=== Begin Enclosure ===

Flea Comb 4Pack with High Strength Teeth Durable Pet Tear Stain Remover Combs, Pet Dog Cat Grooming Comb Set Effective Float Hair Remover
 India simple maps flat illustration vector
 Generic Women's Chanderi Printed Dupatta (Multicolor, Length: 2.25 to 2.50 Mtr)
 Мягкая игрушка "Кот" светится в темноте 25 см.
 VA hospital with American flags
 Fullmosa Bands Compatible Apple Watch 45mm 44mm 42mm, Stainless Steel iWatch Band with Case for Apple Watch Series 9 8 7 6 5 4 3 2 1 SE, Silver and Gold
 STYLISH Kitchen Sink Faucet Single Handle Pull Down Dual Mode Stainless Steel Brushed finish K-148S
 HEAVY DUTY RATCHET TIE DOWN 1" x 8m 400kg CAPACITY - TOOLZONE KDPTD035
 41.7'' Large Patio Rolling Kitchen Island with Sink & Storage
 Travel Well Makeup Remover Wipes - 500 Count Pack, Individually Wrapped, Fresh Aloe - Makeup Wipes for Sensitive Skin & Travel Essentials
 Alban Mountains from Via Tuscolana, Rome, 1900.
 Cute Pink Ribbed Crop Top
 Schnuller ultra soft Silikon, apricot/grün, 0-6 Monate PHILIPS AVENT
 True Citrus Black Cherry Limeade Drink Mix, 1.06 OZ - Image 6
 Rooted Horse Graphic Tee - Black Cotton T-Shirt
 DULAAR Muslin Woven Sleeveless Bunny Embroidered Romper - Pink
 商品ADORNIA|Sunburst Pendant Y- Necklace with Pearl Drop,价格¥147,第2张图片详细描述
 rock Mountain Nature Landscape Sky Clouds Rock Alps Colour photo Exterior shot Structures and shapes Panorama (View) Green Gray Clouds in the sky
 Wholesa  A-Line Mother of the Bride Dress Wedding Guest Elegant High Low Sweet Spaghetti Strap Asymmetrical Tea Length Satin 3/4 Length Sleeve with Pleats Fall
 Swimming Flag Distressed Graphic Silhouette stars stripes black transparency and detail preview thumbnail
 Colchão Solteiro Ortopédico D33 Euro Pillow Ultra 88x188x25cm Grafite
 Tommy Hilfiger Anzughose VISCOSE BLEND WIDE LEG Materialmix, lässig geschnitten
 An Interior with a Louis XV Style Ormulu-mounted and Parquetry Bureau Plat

=== End Enclosure ===

### Problem description
Nothing in the data above may be skipped; repeat it all exactly.

### Output of the task
Flea Comb 4Pack with High Strength Teeth Durable Pet Tear Stain Remover Combs, Pet Dog Cat Grooming Comb Set Effective Float Hair Remover
 India simple maps flat illustration vector
 Generic Women's Chanderi Printed Dupatta (Multicolor, Length: 2.25 to 2.50 Mtr)
 Мягкая игрушка "Кот" светится в темноте 25 см.
 VA hospital with American flags
 Fullmosa Bands Compatible Apple Watch 45mm 44mm 42mm, Stainless Steel iWatch Band with Case for Apple Watch Series 9 8 7 6 5 4 3 2 1 SE, Silver and Gold
 STYLISH Kitchen Sink Faucet Single Handle Pull Down Dual Mode Stainless Steel Brushed finish K-148S
 HEAVY DUTY RATCHET TIE DOWN 1" x 8m 400kg CAPACITY - TOOLZONE KDPTD035
 41.7'' Large Patio Rolling Kitchen Island with Sink & Storage
 Travel Well Makeup Remover Wipes - 500 Count Pack, Individually Wrapped, Fresh Aloe - Makeup Wipes for Sensitive Skin & Travel Essentials
 Alban Mountains from Via Tuscolana, Rome, 1900.
 Cute Pink Ribbed Crop Top
 Schnuller ultra soft Silikon, apricot/grün, 0-6 Monate PHILIPS AVENT
 True Citrus Black Cherry Limeade Drink Mix, 1.06 OZ - Image 6
 Rooted Horse Graphic Tee - Black Cotton T-Shirt
 DULAAR Muslin Woven Sleeveless Bunny Embroidered Romper - Pink
 商品ADORNIA|Sunburst Pendant Y- Necklace with Pearl Drop,价格¥147,第2张图片详细描述
 rock Mountain Nature Landscape Sky Clouds Rock Alps Colour photo Exterior shot Structures and shapes Panorama (View) Green Gray Clouds in the sky
 Wholesa  A-Line Mother of the Bride Dress Wedding Guest Elegant High Low Sweet Spaghetti Strap Asymmetrical Tea Length Satin 3/4 Length Sleeve with Pleats Fall
 Swimming Flag Distressed Graphic Silhouette stars stripes black transparency and detail preview thumbnail
 Colchão Solteiro Ortopédico D33 Euro Pillow Ultra 88x188x25cm Grafite
 Tommy Hilfiger Anzughose VISCOSE BLEND WIDE LEG Materialmix, lässig geschnitten
 An Interior with a Louis XV Style Ormulu-mounted and Parquetry Bureau Plat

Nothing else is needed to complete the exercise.